== Records to process ==

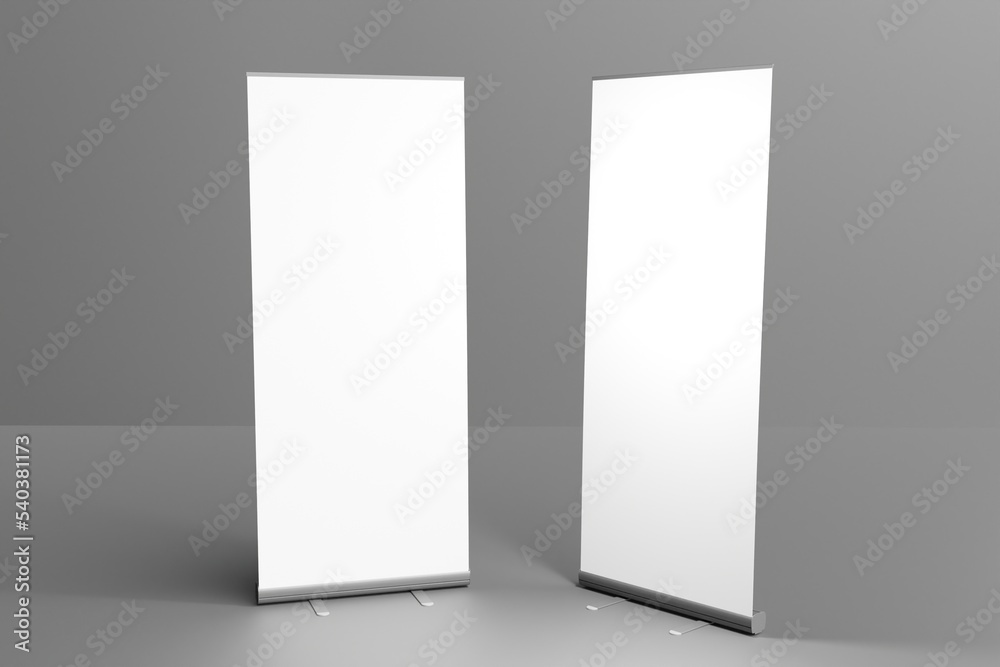 Canvas Prints blank white roll-up banner display mockup design, isolated, 3d rendering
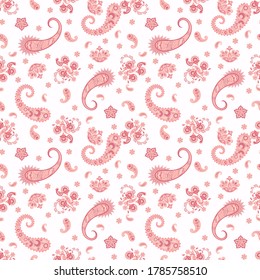 Patrón transparente vectorial paisley. Flor fantástica, hojas. Pintura estilo batik. Fondo de cosecha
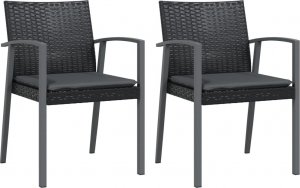 vidaXL 3-cz. zestaw mebli ogrodowych z poduszkami, polirattan i stal 4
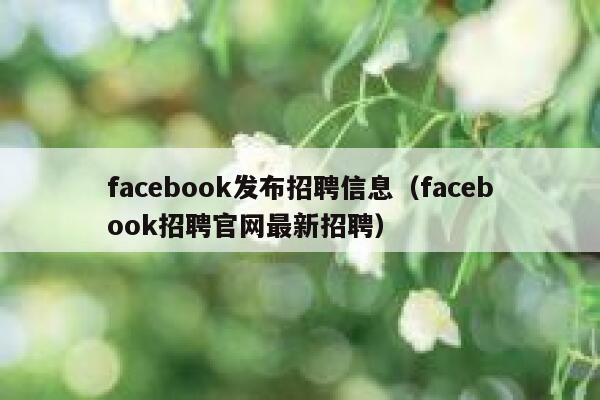 facebook发布招聘信息（facebook招聘官网最新招聘） 第1张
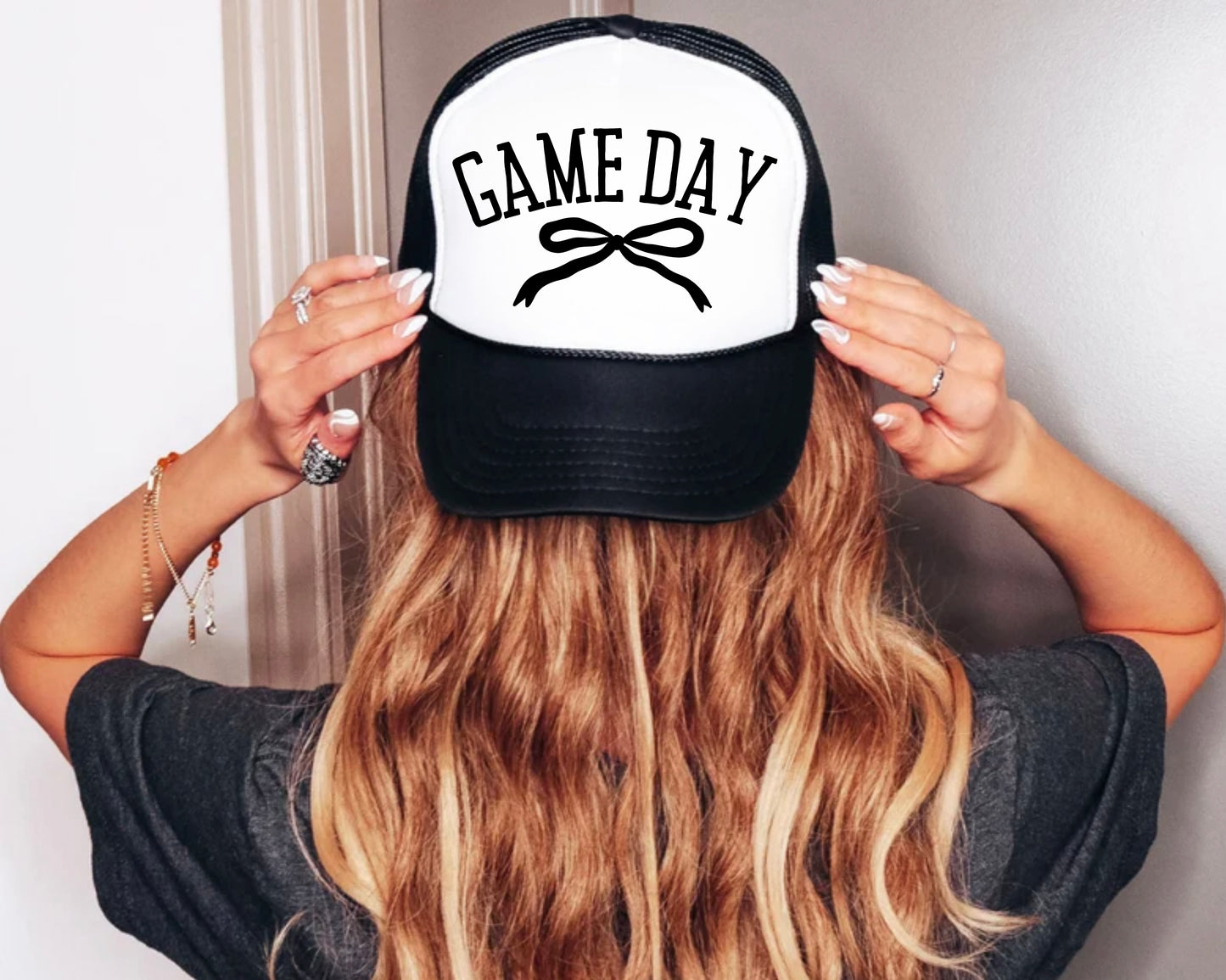 Game Day Bow Trucker Hat - Baseball Trucker Hat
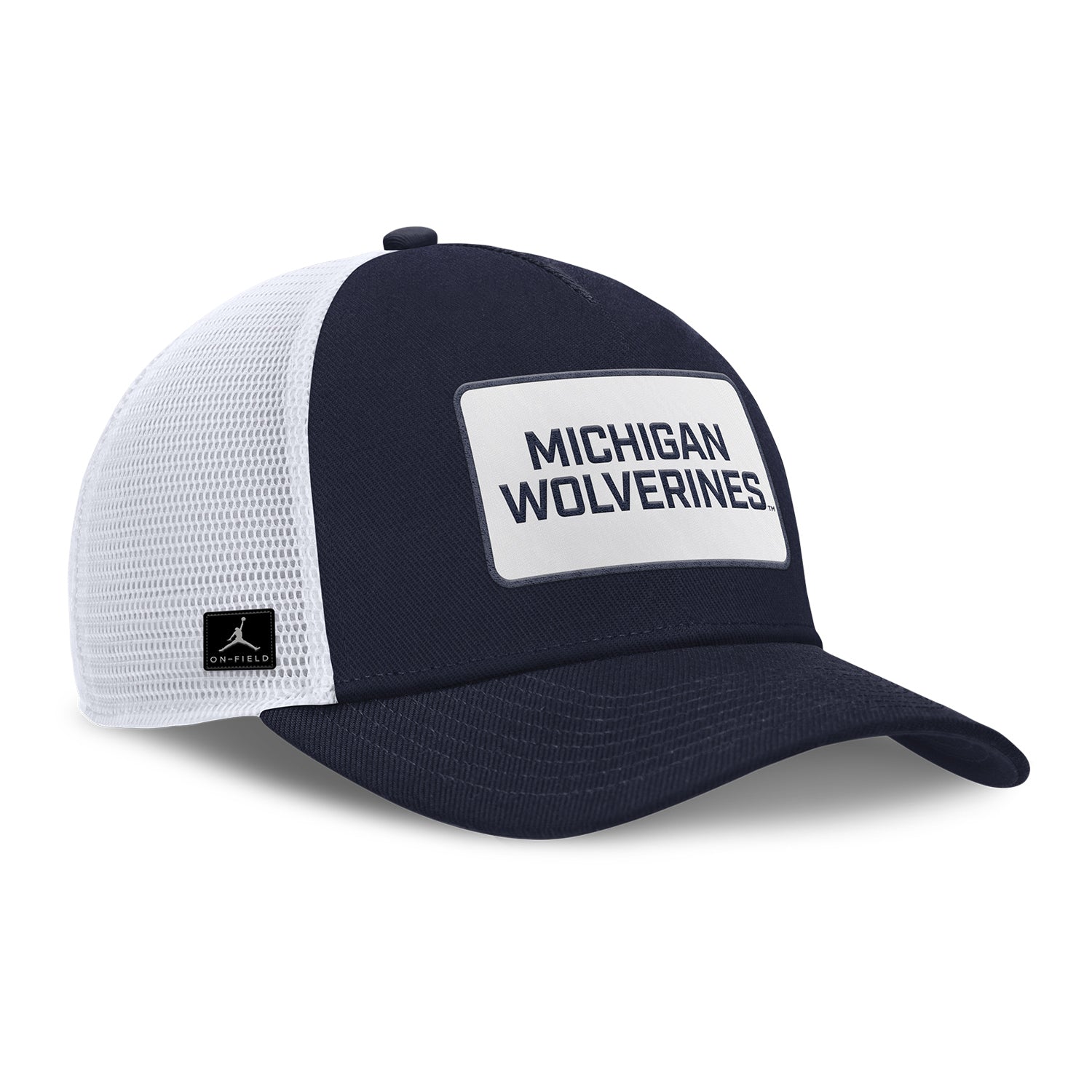 Michigan Wolverines Nike Jordan Navy Rise Trucker Gameday Hat - Front Right View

== Task objective ==
Begin at the line containing "Game Day Bow" and restate exactly every line through the end of the material, skipping the pictures.

== Answer for this exercise ==
 Game Day Bow Trucker Hat - Baseball Trucker Hat
 Michigan Wolverines Nike Jordan Navy Rise Trucker Gameday Hat - Front Right View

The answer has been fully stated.